Data extract →

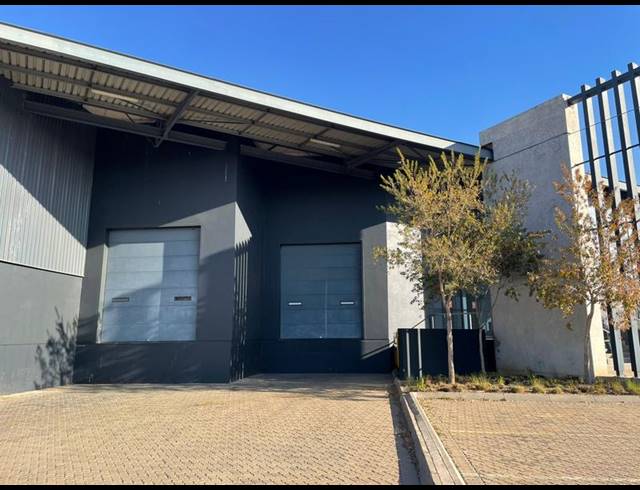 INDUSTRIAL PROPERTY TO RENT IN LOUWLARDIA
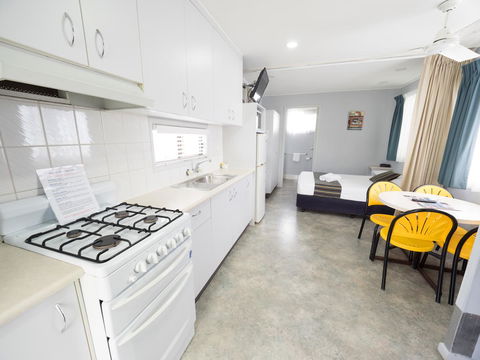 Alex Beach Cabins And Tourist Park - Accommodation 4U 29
==
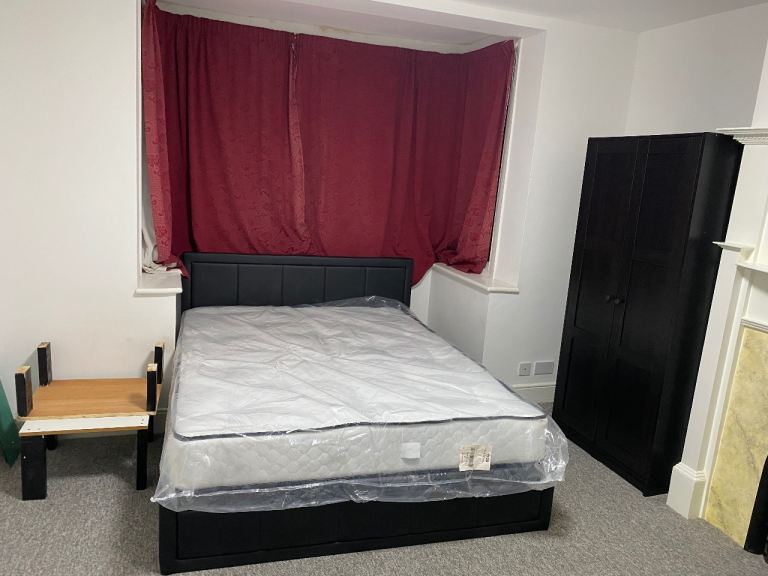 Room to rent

To do →
While skipping the pictures, transcribe the data above from the line showing "INDUSTRIAL PROPERTY TO RENT IN LOUWLARDIA" through the line showing "Alex Beach Cabins", exactly and with both ends.

Exercise solution →
 INDUSTRIAL PROPERTY TO RENT IN LOUWLARDIA
 Alex Beach Cabins And Tourist Park - Accommodation 4U 29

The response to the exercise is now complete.